■ Goal of the exercise ■
Print the line containing "Фото автомобиля MITSUBISHI" and every later line of the records. Keep each one exactly as given, ending with the last.
===== Extracted records
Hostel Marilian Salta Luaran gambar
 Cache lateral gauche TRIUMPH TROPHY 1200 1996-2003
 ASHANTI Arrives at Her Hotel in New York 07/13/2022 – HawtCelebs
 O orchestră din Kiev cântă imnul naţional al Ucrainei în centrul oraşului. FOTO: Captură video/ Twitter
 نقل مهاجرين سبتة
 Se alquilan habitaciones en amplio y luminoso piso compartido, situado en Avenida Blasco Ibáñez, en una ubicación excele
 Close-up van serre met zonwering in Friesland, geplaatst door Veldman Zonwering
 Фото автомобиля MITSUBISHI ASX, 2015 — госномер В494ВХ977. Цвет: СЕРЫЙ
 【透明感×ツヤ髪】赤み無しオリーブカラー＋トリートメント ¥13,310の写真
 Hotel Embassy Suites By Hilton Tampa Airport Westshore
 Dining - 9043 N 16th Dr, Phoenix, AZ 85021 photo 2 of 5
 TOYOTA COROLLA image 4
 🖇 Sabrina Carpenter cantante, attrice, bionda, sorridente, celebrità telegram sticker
==========
■ Solution to the exercise ■
 Фото автомобиля MITSUBISHI ASX, 2015 — госномер В494ВХ977. Цвет: СЕРЫЙ
 【透明感×ツヤ髪】赤み無しオリーブカラー＋トリートメント ¥13,310の写真
 Hotel Embassy Suites By Hilton Tampa Airport Westshore
 Dining - 9043 N 16th Dr, Phoenix, AZ 85021 photo 2 of 5
 TOYOTA COROLLA image 4
 🖇 Sabrina Carpenter cantante, attrice, bionda, sorridente, celebrità telegram sticker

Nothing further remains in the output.